Muhtemel bugünkünden daha iyi olurdu. Çünkü genel olarak klasik müziğe olan önyargıların temelinde, yüzyıllar içinde oluşmuş klasik müzik külliyatına vakıf olamamakla ilgili bir durum olduğunu düşünürüm. Meraklısı için bu tarihe vakıf olmak müthiş bir keşif sürecidir. Bu süreçte bir şeyler keşfettikçe klasik müziğe olan ilginiz de katmerlenir.
Serhan Bali hem meraklısına hem de klasik müziğe sıcak bakan ama çok da bu müziğin tarihine vakıf olmayanlara yönelik önemli bir yapıta imza attı: Müzikte Romantik Dönem Bestecileri.
Yeni kurulan Vakıfbank Kültür Yayınları'ndan çıkan kitapta romantik dönem bestecilerinin mercek altına alınması boşuna değil. Çünkü Bali'nin önsözde belirttiği gibi 19. yüzyıl müziği, günümüzü de biçimlendiren, bilimsel, teknolojik, ekonomik, toplumsal ve siyasal koşulların bir ürünü olmasından dolayı 21. yüzyıl insanı tarafından barok ve klasik dönemlerin müziğine kıyasla daha çok seviliyor.
Bali kitapta aralarında Verdi, Chopin, Schumann, Çaykovski, Strauss, Satie, Rahmaninov'un da bulunduğu 74 bestecinin hayatlarını, eserlerini, müziğe olan katkılarını tek tek ele alıyor. Hangi besteci, hangi koşullarda başyapıt diyeceğimiz eserlerini bestelemiş, bu eserlerin karakteristlik özellikleri neler, hangi sanatçı tarihe nasıl bir iz bırakmış, Bali'nin akıcı üslubuyla keyifle okuyorsunuz.

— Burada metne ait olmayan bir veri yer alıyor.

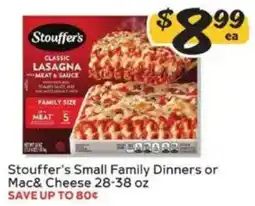 Winn Dixie Stouffer's Small Family Dinners or Mac & Cheese offer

Bali kitabın başında '10 Soruda Müzik Tarihinde Romantik Dönem' başlığı altında bu dönemin genel özelliklerini anlatırken, klasik müziğin varolan toplumsal ve siyasal koşullar içinde nasıl şekillendiğini de anlıyorsunuz. Ki bu yaklaşımdan bestecilerin hayat öykülerini anlatılırken de vazgeçmemiş. Ayrıca onların hayatlarının nasıl dramlar ve trajediler içinde geçtiğini yazmaktan da çekinmemiş. Böylece o mit haline gelen bestecileri, yaşadıkları dönemin şartları içinde insan olarak ete kemiğe büründürüyor Bali.

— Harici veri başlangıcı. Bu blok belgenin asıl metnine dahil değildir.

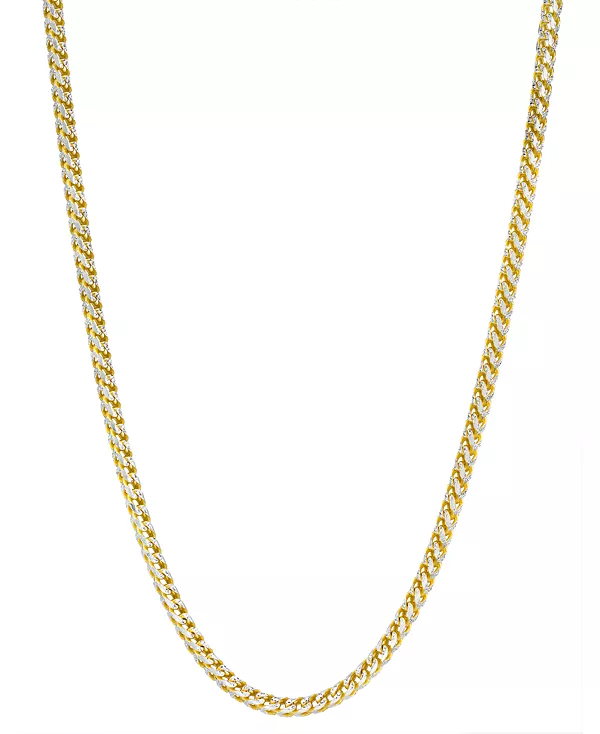 24-Дюймовое двухцветное ожерелье-цепочка Франко из 14-каратного золота и стерлингового серебра (также из стерлингового серебра) Italian Gold, two-tone
24-Дюймовое двухцветное ожерелье-цепочка Франко из 14-каратного золота и стерлингового серебра (также из стерлингового серебра) Italian Gold, two-tone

Şunu anlıyorsunuz, o muhteşem eserlerin hiçbiri normal koşullarda bestelenmemiş. Sanatçıların eserlerine kah kişisel dramları, kah toplumsal şartlar etki etmiş. Dolayısıyla o kıymetli besteleri dinlerken kurduğumuz bağda aslında büyük yaşanmışlıklar var. Salt müzik yok yani... Bunları öğrenmek de az şey değil.